No âmbito destes convites o Governo tinha anunciado uma investigação ao caso liderada por Augusto Santos Silva. No dia 4 de agosto o ministro dos Negócios Estrangeiros deu o caso por encerrado afirmando que não havia mais membros do Governo envolvidos. Segundo o mesmo apenas três secretários de Estado tinham aceitado as viagens: o secretário de Estado dos Assuntos Fiscais, o da Internacionalização e o da Indústria. O Ministério Público, entretanto, enviou o caso para o Departamento de Investigação e Ação Penal — que ainda não se pronunciou.

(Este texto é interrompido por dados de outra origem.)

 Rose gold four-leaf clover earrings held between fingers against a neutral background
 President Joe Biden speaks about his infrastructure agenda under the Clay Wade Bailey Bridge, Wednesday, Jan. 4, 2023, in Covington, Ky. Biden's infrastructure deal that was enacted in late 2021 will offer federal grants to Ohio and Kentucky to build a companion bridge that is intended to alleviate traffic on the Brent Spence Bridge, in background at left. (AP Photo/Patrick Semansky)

Em causa poderá estar um crime de recebimento indevido de vantagem, punível com pena de um a cinco a anos de prisão.

Para evitar que casos como este se repitam de futuro, o Governo aprovou, a 8 de setembro, um código de conduta que impede os governantes de aceitarem presentes de valor superior a 150 euros, com duas ressalvas: as circunstâncias em que os membros de Governo estão em funções de representação oficial ou quando rejeitar uma oferta, mesmo que superior ao valor fixado, signifique quebrar o respeito devido por um Estado estrangeiro. Embora não retroativo (“é o que divide a civilização da barbárie”, explicou Augusto Santos Silva na data da aprovação), vincula membros do Executivo, dos gabinetes e, indiretamente, dirigentes superiores da Administração Pública.